Jani watched him pull away. Saw Meva's face in the rear window and raised a hand. Felt a flicker of relief when the female bared her teeth and waved back.

“Ava received a communication this morning.” Scriabin grabbed a folding stool from a stack and shook it open. “Li Cao is still insisting that this is an idomeni matter.”

“I'm sure she has her reasons.” Jani edged her chair behind the draped fold of the awning, then rolled up her sleeve so Val could give her another injection.

“If you pull this off…” He shook his head and concentrated on positioning the injector.

Jani winced as the injector pinched, sighed as the drug warmth wandered up her arm. Watched the street that stretched from the enclave to the river, already obscured by the idomeni who gathered there. “Did you bring it?”

Val sighed. “It's right here.” He reached into his slingbag, pulled out the plastic hospital dispo bag and handed it to her.

 

“He's coming.” Niall appeared at the front of the awning. “Pascal picked him up at the front of the Council building. He drove him as far as the enclave, then let him off. Dathim and Meva are leading him here.”

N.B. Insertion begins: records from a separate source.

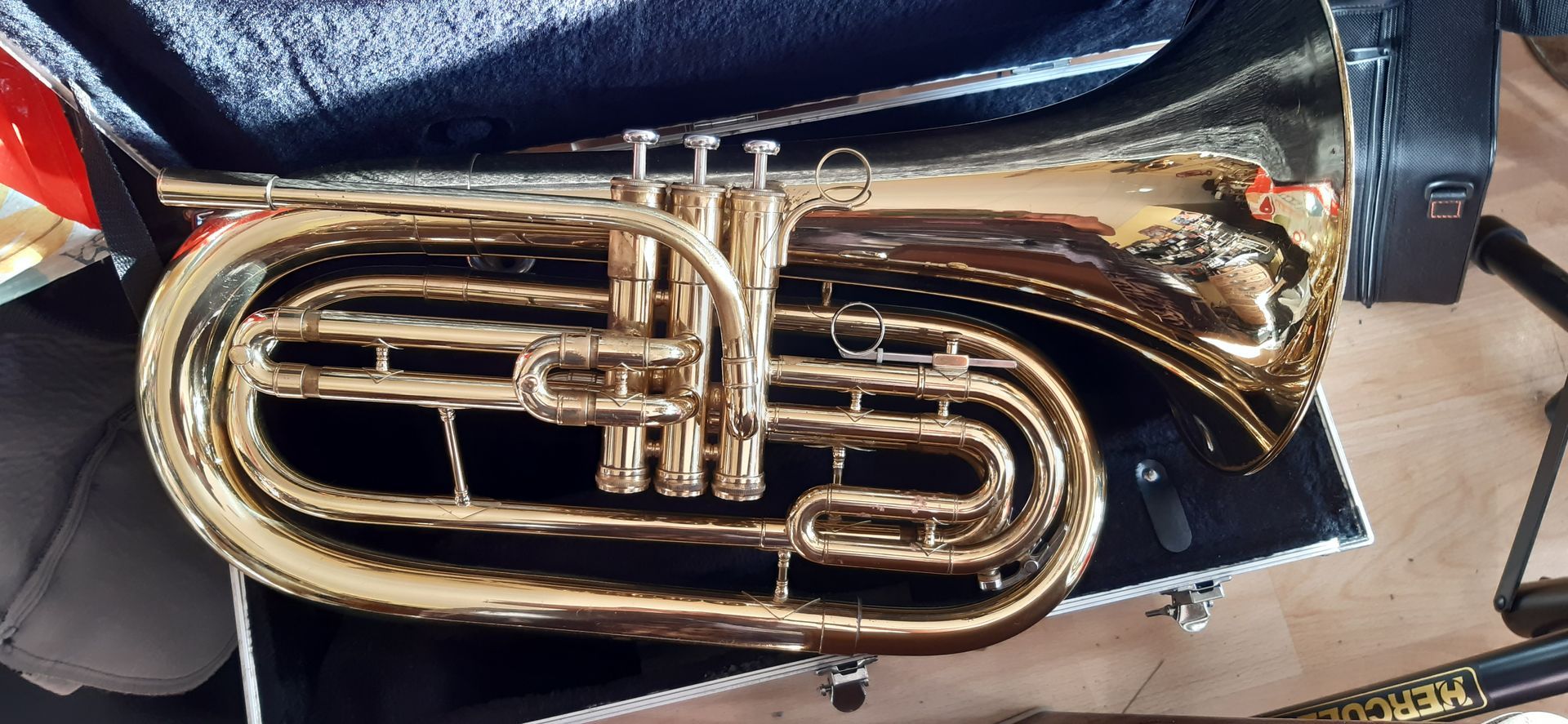 Marching Baryton KING 1124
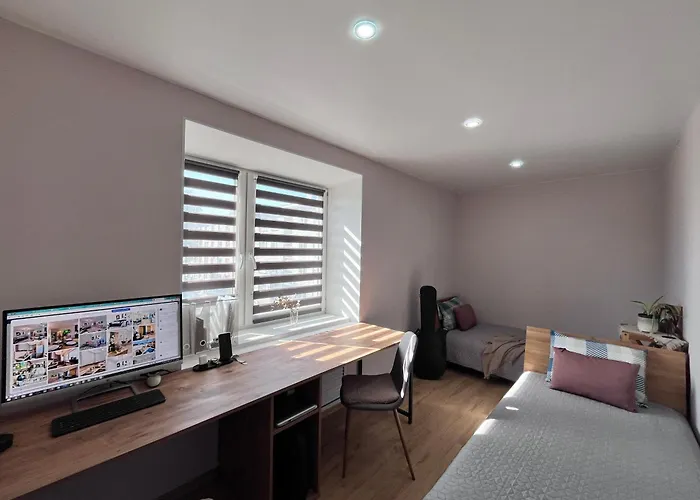 Daire Family-friendly 2-bedroom Free Parking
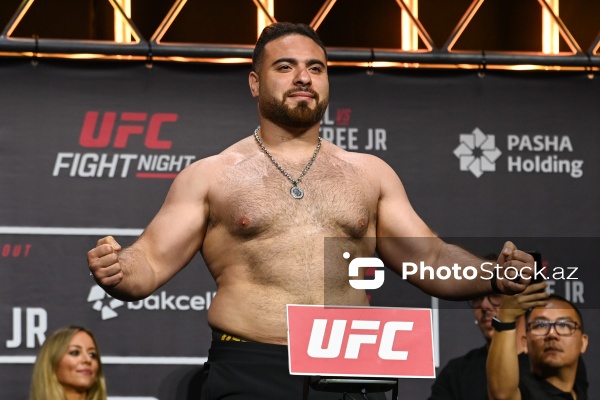 Bakıda keçiriləcək UFC turnirindən əvvəl döyüşçülər üz-üzə gəliblər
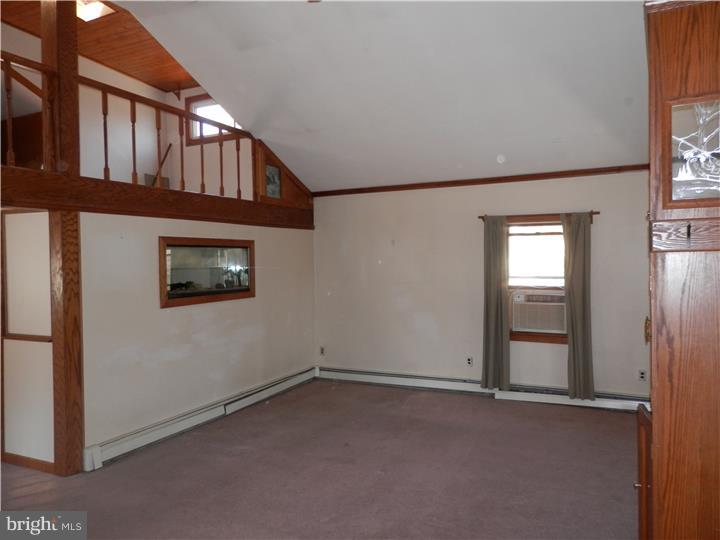 211 River Road Washington Crossing, PA 18977 - Photo 9 of 17 Great Room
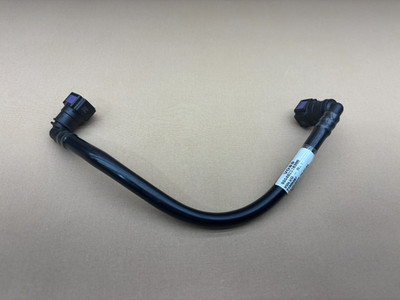 Genuine Volvo 21305297 Hose DEF Coolant Pipe Transmission Vent Line Voss Part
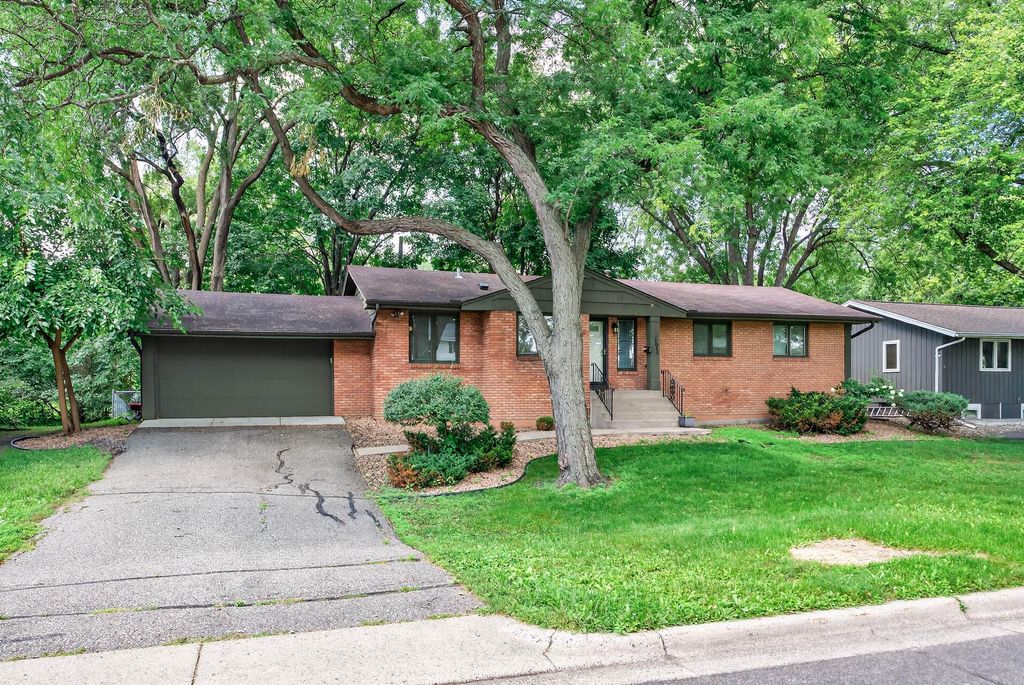 2040 Utah Avenue S, Saint Louis Park, MN 55426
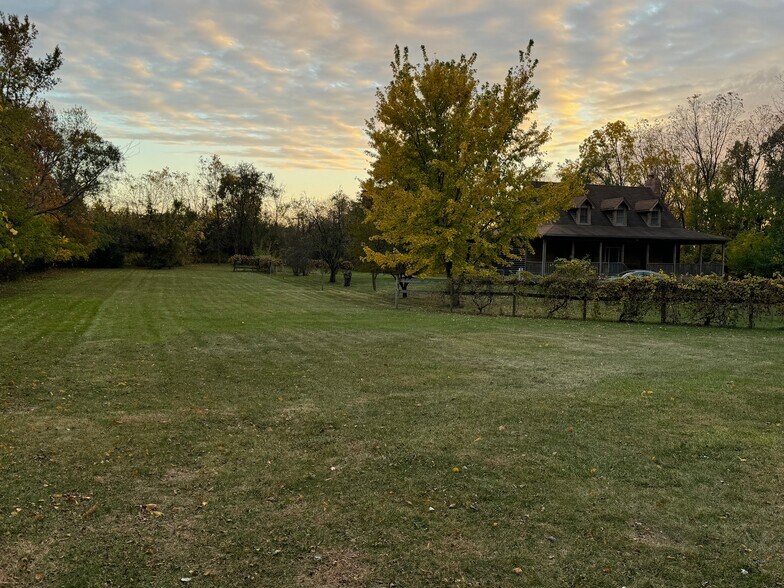 31W603 Liberty St, Aurora, IL à vendre - Photo du bâtiment - Image 3 de 4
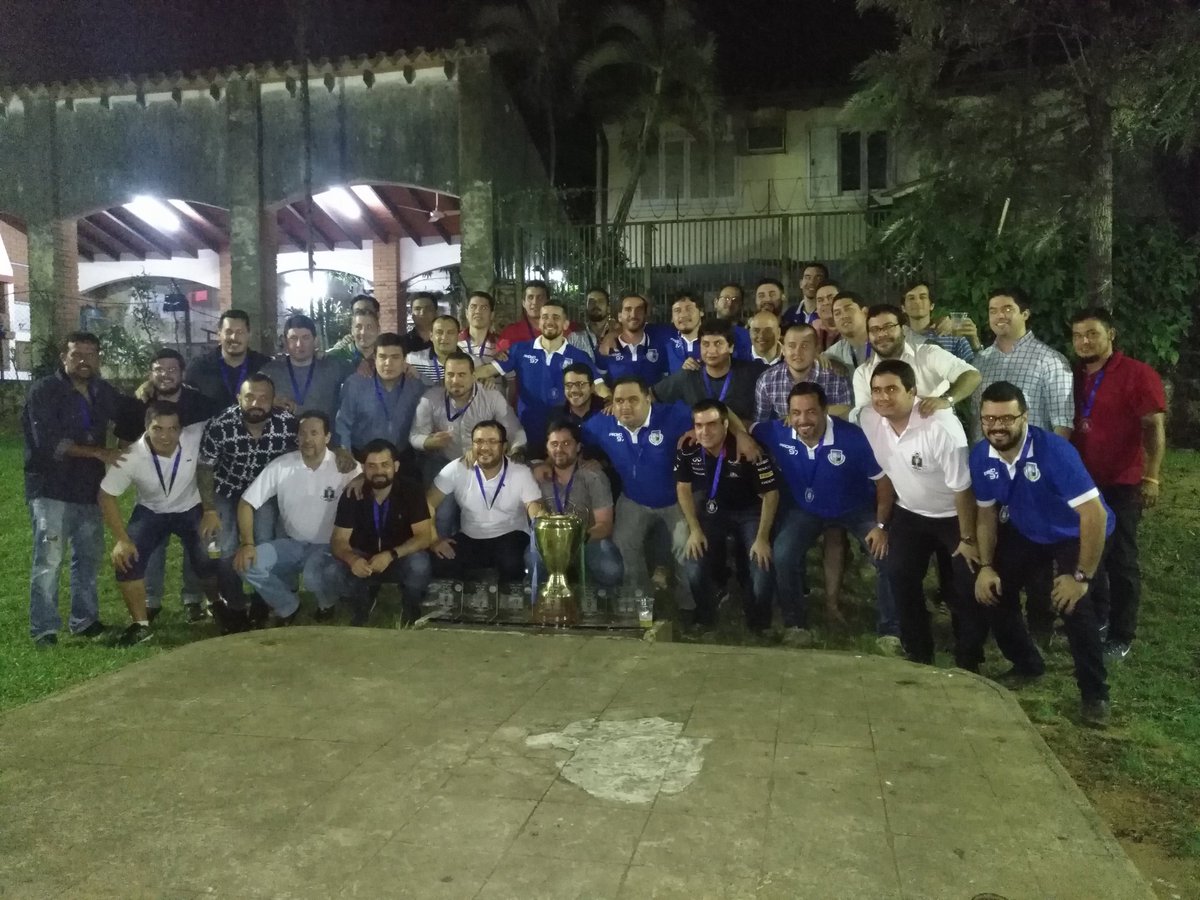 exacasjoficial's tweet photo. Noche de premiación @exasgolden #exacasj Campeón General 2018 @CASJ96 @2002_CASJ @ExaCASJ97A @Roma97exacasj #prom99 #prom2008 https://t.co/cnaaI6kItu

“Through the crowds?” Jani smiled.

Niall touched his ear, listened for a moment, then nodded.
“It's just like it was in the station. They've closed in on both sides—there's barely enough room for him to pass.”

“Well, time to get ready for company.” Jani shifted her weight so the chair tipped forward and stood.

Niall gaped.

It had taken Val the better part of the day to find the clothes Jani had worn the day she killed Rilas and Cèel. They had been bundled into a biohazard bag during her pre-surgical prep and avoided the incinerator through sheer happenstance. Permanent bends and ripples had been created in the shirt and the front of the trousers by Jani's and Cèel's dried blood. The overrobe, streaked with Rilas's blood, had fared a little better, but still looked like something that had been used to wrap a butchered animal.

“Jani?” Scriabin licked his lips. He'd watched her remove the garments from the bag and put them on, and still hadn't recovered. “Do you think it wise to greet a new Oligarch while wearing clothes soaked in his predecessor's blood?”

Jani bared her teeth. “Welcome to Shèrá, Your Excellency.”